══ Source material ══
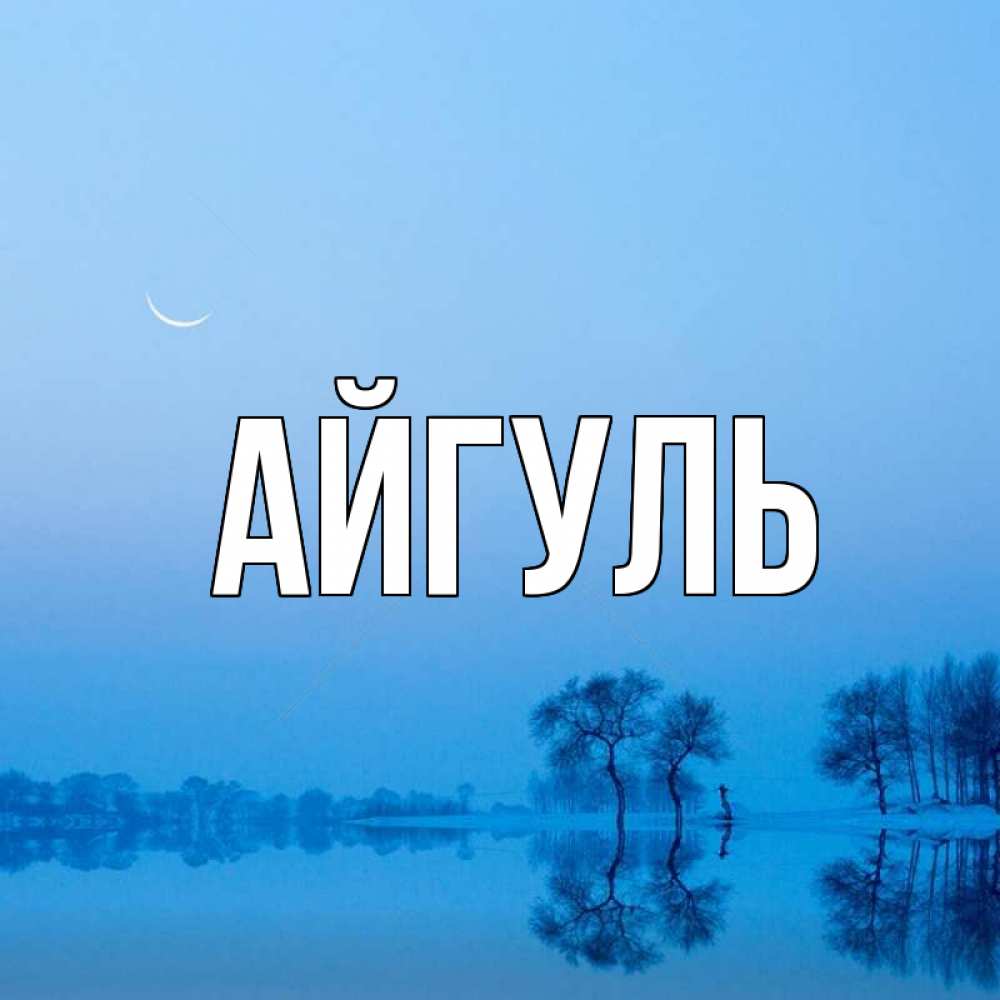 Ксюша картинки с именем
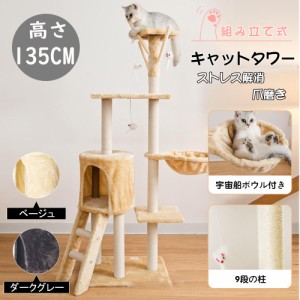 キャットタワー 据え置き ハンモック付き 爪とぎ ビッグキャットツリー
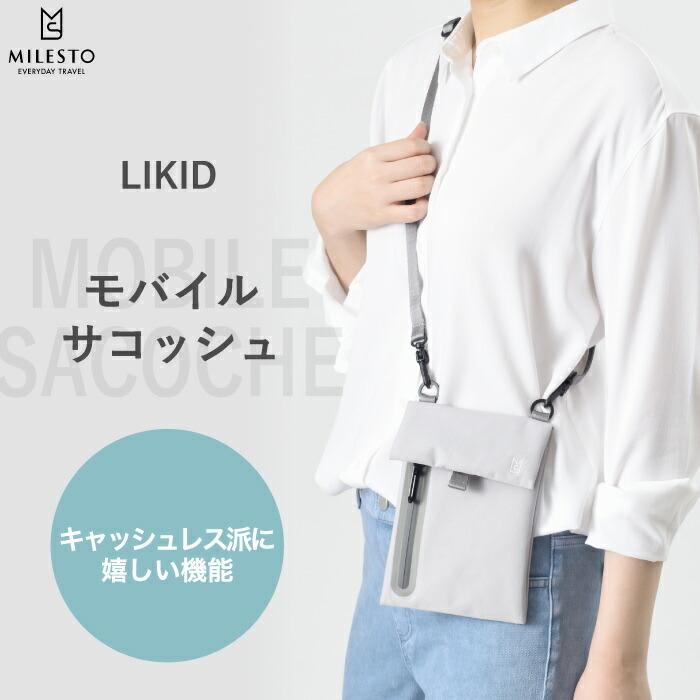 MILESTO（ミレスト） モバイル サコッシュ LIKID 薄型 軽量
═══
Return the material word for word, images omitted.

 Ксюша картинки с именем
 キャットタワー 据え置き ハンモック付き 爪とぎ ビッグキャットツリー
 MILESTO（ミレスト） モバイル サコッシュ LIKID 薄型 軽量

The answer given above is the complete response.